▼▼▼
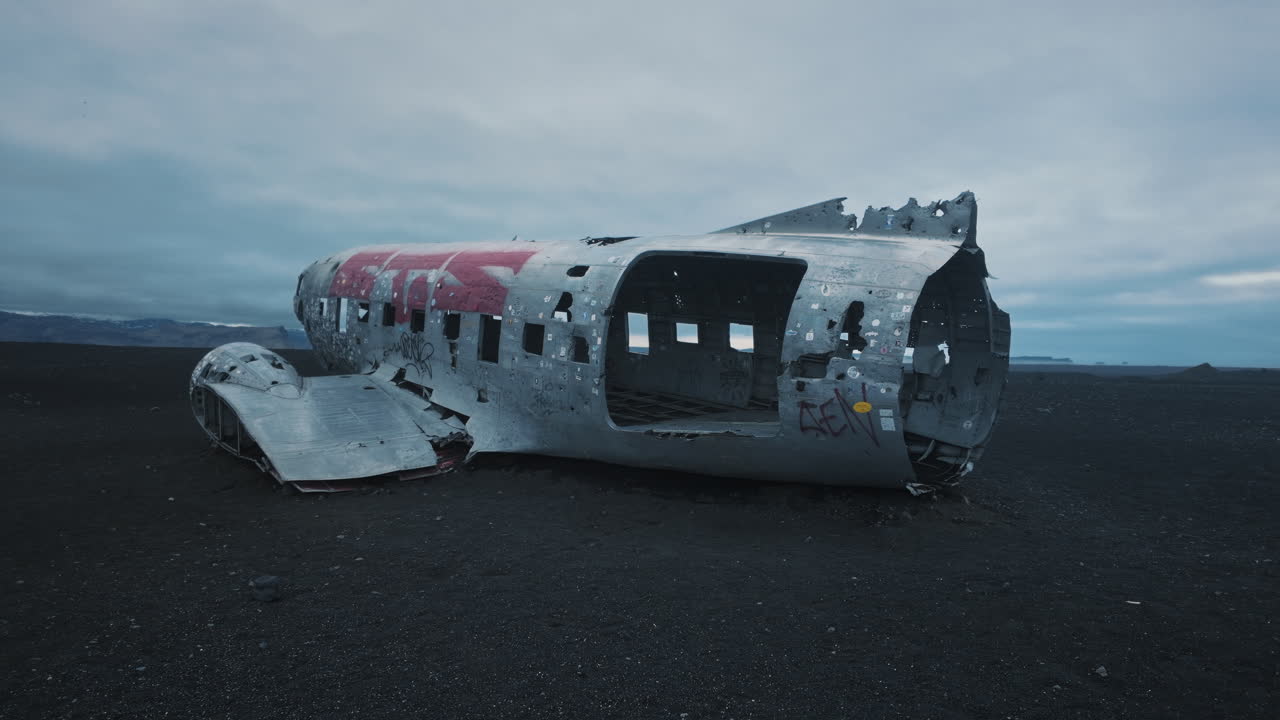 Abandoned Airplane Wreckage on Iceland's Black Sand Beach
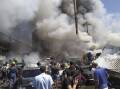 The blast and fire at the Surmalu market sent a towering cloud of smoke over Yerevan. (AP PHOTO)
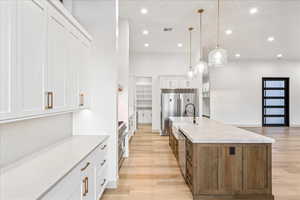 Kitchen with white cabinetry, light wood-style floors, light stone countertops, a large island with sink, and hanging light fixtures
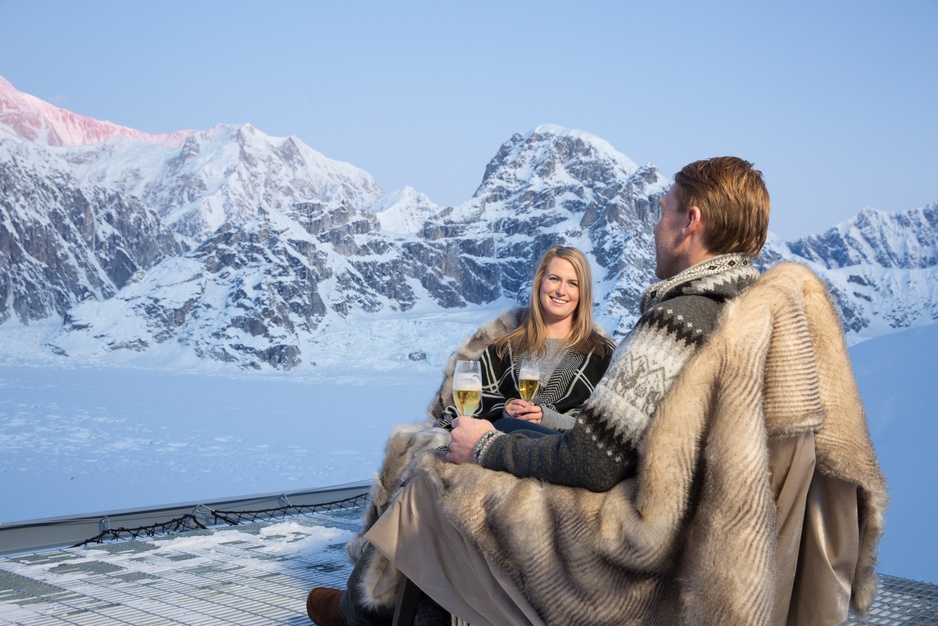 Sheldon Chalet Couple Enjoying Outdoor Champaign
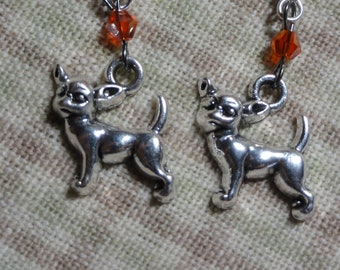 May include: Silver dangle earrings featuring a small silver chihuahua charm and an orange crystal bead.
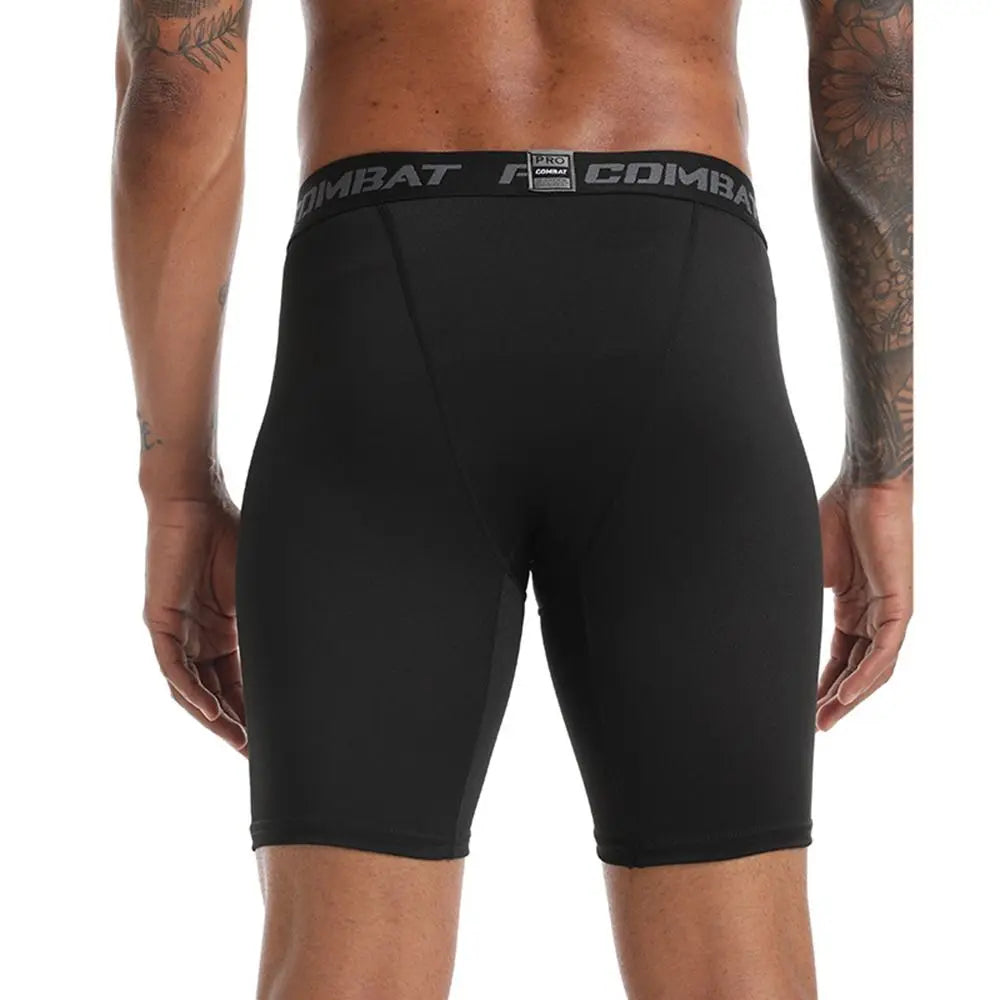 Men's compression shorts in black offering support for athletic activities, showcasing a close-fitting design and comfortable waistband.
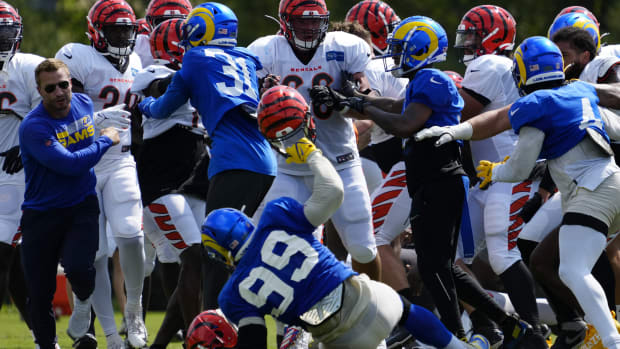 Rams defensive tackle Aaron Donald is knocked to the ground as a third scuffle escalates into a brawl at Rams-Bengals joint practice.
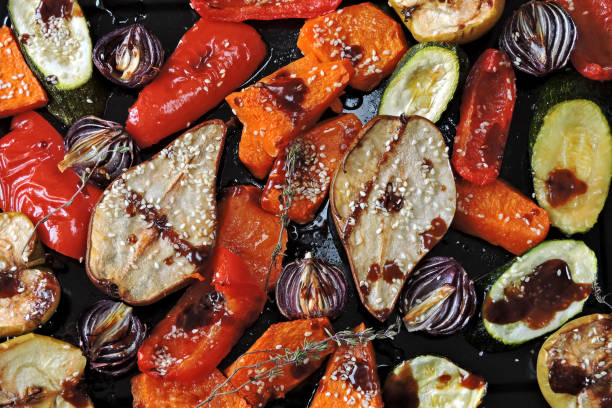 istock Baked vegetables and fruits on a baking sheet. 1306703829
▲▲▲
Task statement. Quote, word for word and nothing more, every line from the line with "Kitchen with white" to the end of the entries, including both ends; skip any pictures.

Exercise output.
 Kitchen with white cabinetry, light wood-style floors, light stone countertops, a large island with sink, and hanging light fixtures
 Sheldon Chalet Couple Enjoying Outdoor Champaign
 May include: Silver dangle earrings featuring a small silver chihuahua charm and an orange crystal bead.
 Men's compression shorts in black offering support for athletic activities, showcasing a close-fitting design and comfortable waistband.
 Rams defensive tackle Aaron Donald is knocked to the ground as a third scuffle escalates into a brawl at Rams-Bengals joint practice.
 istock Baked vegetables and fruits on a baking sheet. 1306703829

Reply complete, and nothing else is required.